Good morning, guys. Congrats on the stellar results. I appreciate the outlook for two years on CapEx. I think there was some perception maybe with the project sanction last year that there would be upward pressure, and we're actually seeing a $200 million decrease year-over-year, and that sustained into 2020. Can you talk a little bit about where maybe some of that deflation has come from, whether it's the growth component or sustaining or turnarounds?
This is Lane. I wouldn't call it deflation; I would characterize that we had a lot of sustaining capital with respect to Tier 3 and plus the reliability project at our Corpus Christi refinery in 2018. Our run rate is like what we've said is normally about $1.5 billion to sustain our assets. We had a little bit more than that in this past year. There’s obviously timing involved and all that. Whether our turnarounds get a little bit lumpy or again we end up having to do something a little bit special on some environmental projects, currently we don't have anything on our forward view of that.
Okay, great. The second question is on Venezuela, obviously very topical. I guess, one, could you confirm how much you're currently importing crude there? But then, I guess more importantly, I’m just curious, in order to replace those barrels, are you looking to resort to more light sweet domestic crudes or just largely maxed out on light sweet to where you're actually going to have to resort to the global market for kind of medium and heavy sour replacement barrels? Thanks.
Yes. Blake, this is Gary. Of course, with the sanctions, we're currently not taking anything from Venezuela. Historically, about 20% of our heavy sour that we run was Venezuelan barrels. We're certainly hopeful that we’ll see a proper resolution to the crisis, not only for the benefit of the crude markets but for the welfare of the people of Venezuela. We've seen production decline in Venezuela for years, and we've also known there was a threat of sanctions. So, we’ve put alternatives in place to be prepared for this. Of course, the announcement was just made Monday; we've only had 48 hours to respond. Our top priority really has been to get our next 30-day supply plan covered. I can tell you we're in a much better position today than we were on Tuesday, but we still have some holes to fill in our supply plan.

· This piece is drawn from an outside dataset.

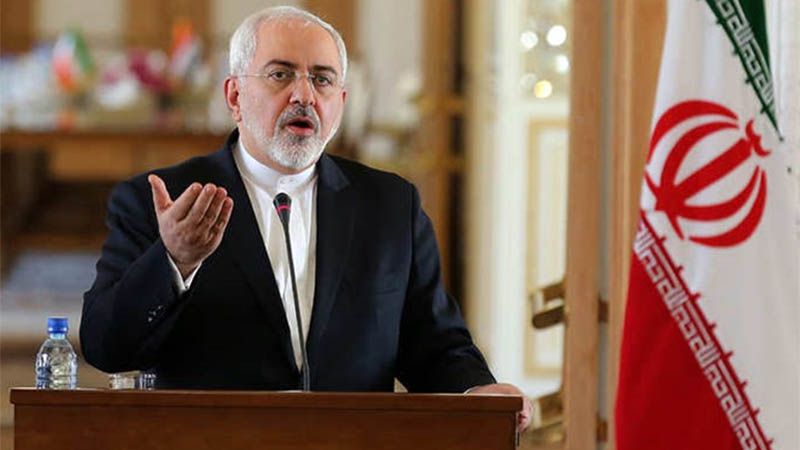 Ir&aacute;n condena las sanciones unilaterales estadounidenses a Turqu&iacute;a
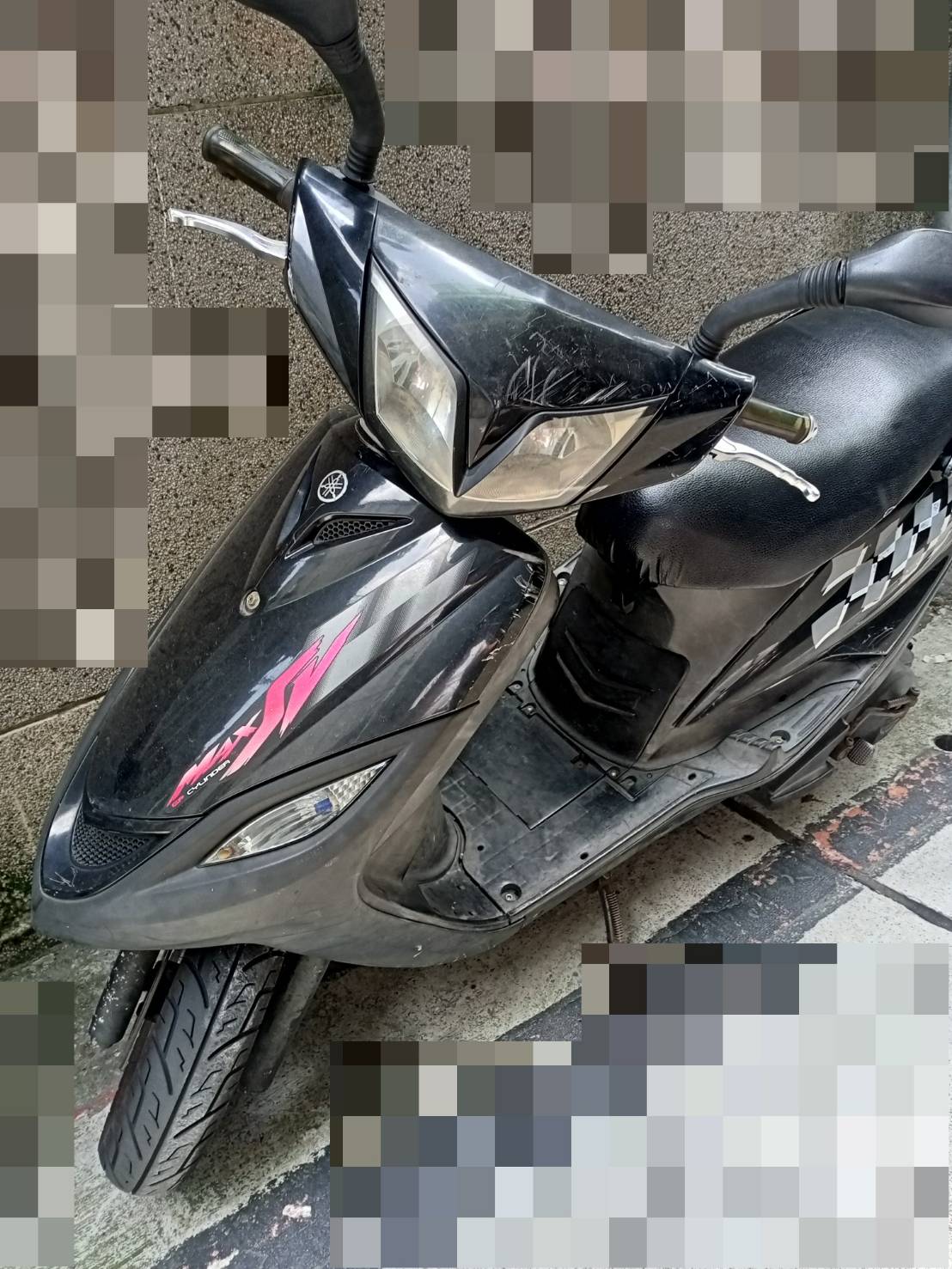 台北市機車借款成功案例-千益當舖-提供南港當舖,松山當舖,台北機車借款,南港機車借款,松山機車借款,信義機車借款,五分埔機車借款,後山埤捷運附近機車借款,忠孝東路機車借款,汐止,內湖,基隆附近如有機車借款需求!台北利息低機車借款推薦千益當舖,歡迎來電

We really run Venezuelan barrels at two of our refineries in the Gulf, St. Charles and Port Arthur. The St. Charles refinery did begin a turnaround on their crude and coker unit. So, that definitely minimizes the impacts that the sanctions had on our system. To your point, current economics are certainly pushing us to maximize light sweet in the system.
Operator
Our next question comes from Doug Terreson with Evercore. Your line is open.
I wanted to see if we could get some elaboration on Joe's points that you made a few minutes ago about market fundamentals. And typically, while distillate demand and inventories appear to be positive in both the U.S. and the Atlantic Basin, the converse seems true for gasoline, although seasonality and net exports should be supportive. And then, could you just spend a minute covering how fuel oil markets are likely to sort out this year, given the uncertainty that Blake just highlighted about Canada and Venezuela and heavy feedstocks and how you might adjust?

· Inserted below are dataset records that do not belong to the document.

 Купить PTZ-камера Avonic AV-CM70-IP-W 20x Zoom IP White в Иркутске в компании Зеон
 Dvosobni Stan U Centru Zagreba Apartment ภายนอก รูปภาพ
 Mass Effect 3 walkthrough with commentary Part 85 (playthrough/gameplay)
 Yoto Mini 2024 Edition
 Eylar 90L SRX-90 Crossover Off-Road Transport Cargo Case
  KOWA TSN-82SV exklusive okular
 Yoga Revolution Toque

Yes. This is Gary again. Of course, it seems like early in the year, during this call, we always panic about the gasoline markets. We feel very good about gasoline demand moving forward. High employment and low gasoline prices should result in good gasoline demand. The wild card, of course, becomes refinery utilization. So, with the 20-year high refinery utilization we saw last year, we are starting the year with a bit of an overhang. The overhanging gasoline has primarily been in PADD 1, PADD 2, and PADD 3. If I look at those regions individually, I could see that we build a little bit more inventory in PADD 1. The market structure is such that there's an economic incentive to make summer grade gasoline and put it in tankage in New York Harbor, and there’s still tankage available. So, that would come. You could see some inventory again in PADD 1. I think you'll see significant improvements in both PADD 2 and PADD 3 moving forward. PADD 2, I think a lot of the gasoline build was a result of the crude discount. The margins were just very strong. Typically, at PADD 2, you see refinery utilization drop off in the winter to balance the market. But with the crude discounts, they ran hard. But if I look at the PADD 2 market now, there seems to be more planned maintenance this year than last year. As we move forward and with the current cold snap hitting PADD 2, there seem to be quite a few refinery issues in that region. In fact, the Explorer Pipeline between Group 3 and Chicago is now pro-rated, indicating there’s a big pull for products in that region. So, I think you'll see gasoline inventories draw in PADD 2. I also think you'll see good gasoline draws in PADD 3 as well. Then, in the Gulf, early in the year, we typically have fog issues which hinder our ability to export product, and we saw that again this year. We also saw a bottleneck trying to get gasoline into Mexico, which is obviously our largest export destination. Then, we saw a lot of refiner buying interest in the Gulf as well as people building some inventory in preparation for turnaround, so they could cover their supply during outages. All those things indicate that as you see lower utilization in the Gulf from planned maintenance beginning, and you see exports pick up, I'm confident you'll see inventories in PADD 3 grow as well. So, we feel pretty good about gasoline. We feel very good about gasoline demand. And again, the wildcard is what utilization is going to be going forward.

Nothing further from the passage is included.